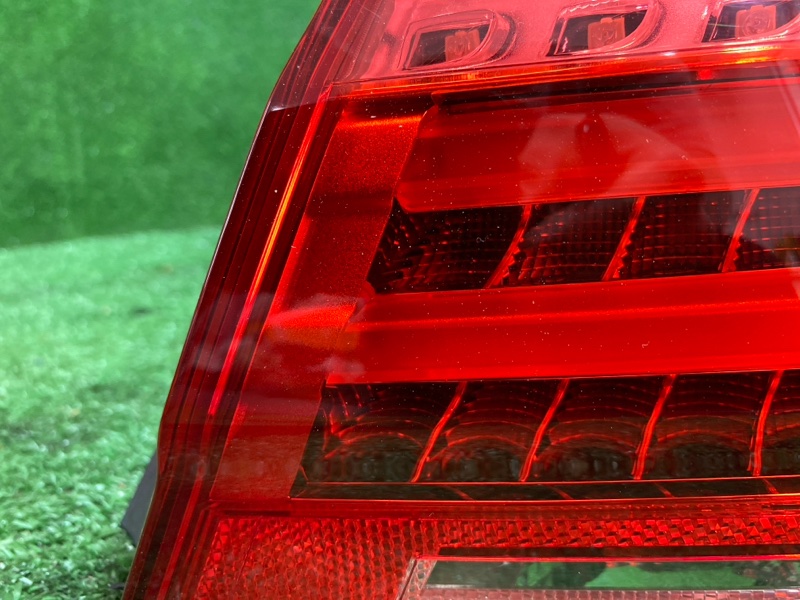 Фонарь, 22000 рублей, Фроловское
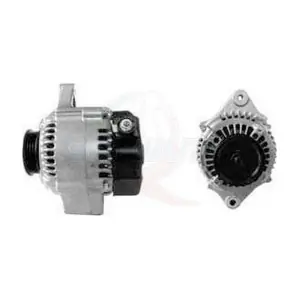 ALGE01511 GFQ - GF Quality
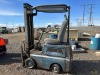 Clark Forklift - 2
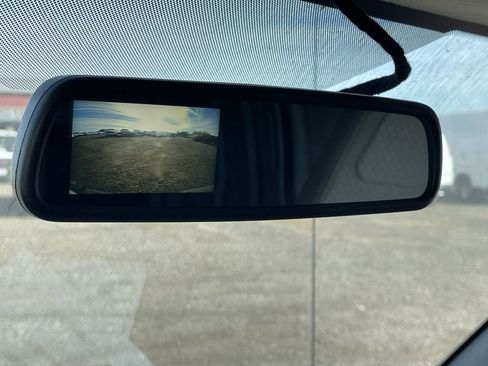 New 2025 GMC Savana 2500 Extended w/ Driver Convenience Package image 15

==

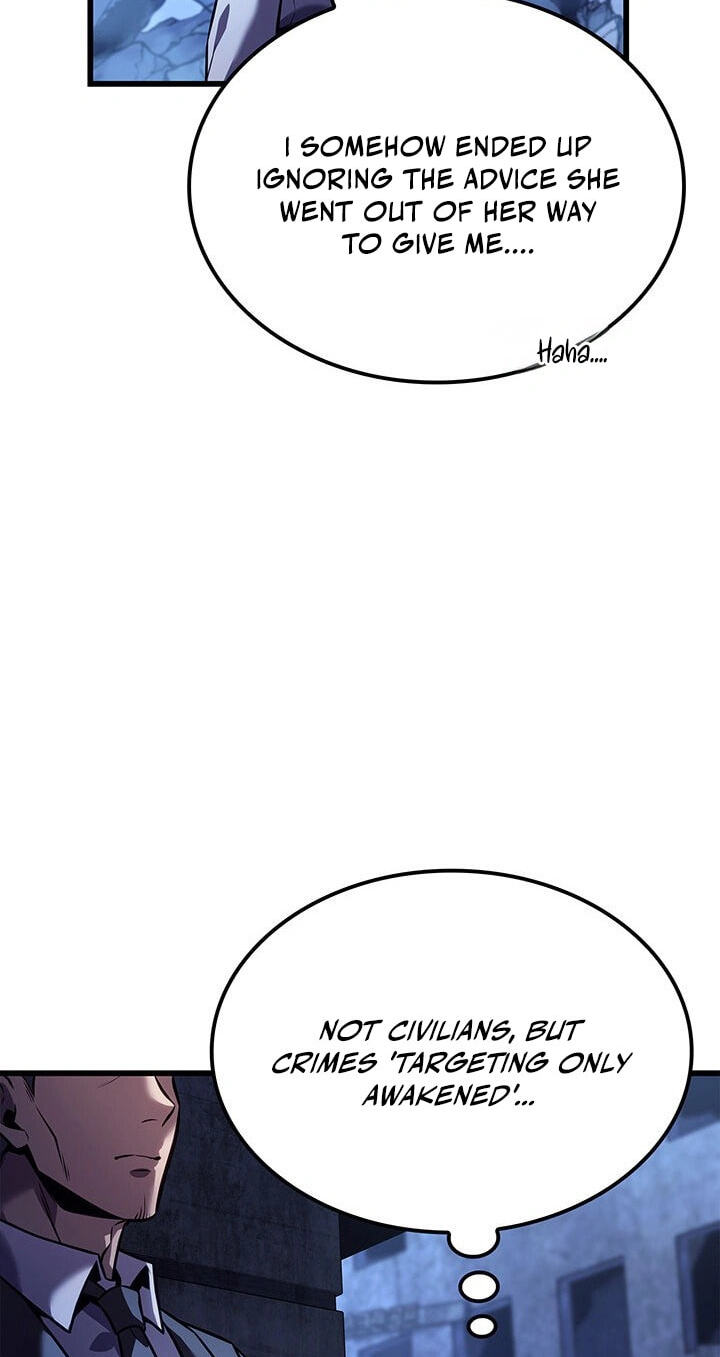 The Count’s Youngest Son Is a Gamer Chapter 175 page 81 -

--

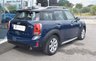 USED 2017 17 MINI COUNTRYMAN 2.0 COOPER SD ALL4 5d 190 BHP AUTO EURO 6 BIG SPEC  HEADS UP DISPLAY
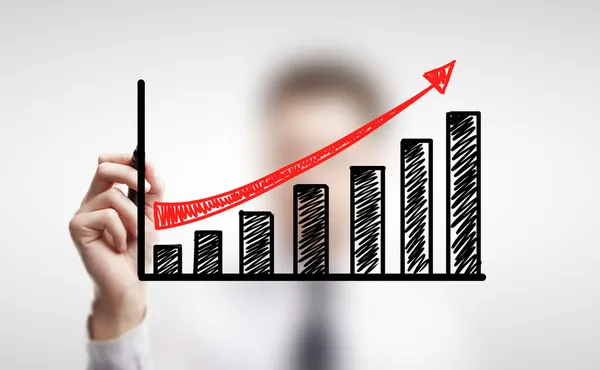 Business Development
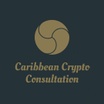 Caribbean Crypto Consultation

**Assignment**. The lines to set down run from the line with "Фонарь, 22000 рублей, Фроловское" up to and including the line with "New 2025 GMC" in the entries above. Reproduce them exactly, with no pictures.

**Problem solution**.
 Фонарь, 22000 рублей, Фроловское
 ALGE01511 GFQ - GF Quality
 Clark Forklift - 2
 New 2025 GMC Savana 2500 Extended w/ Driver Convenience Package image 15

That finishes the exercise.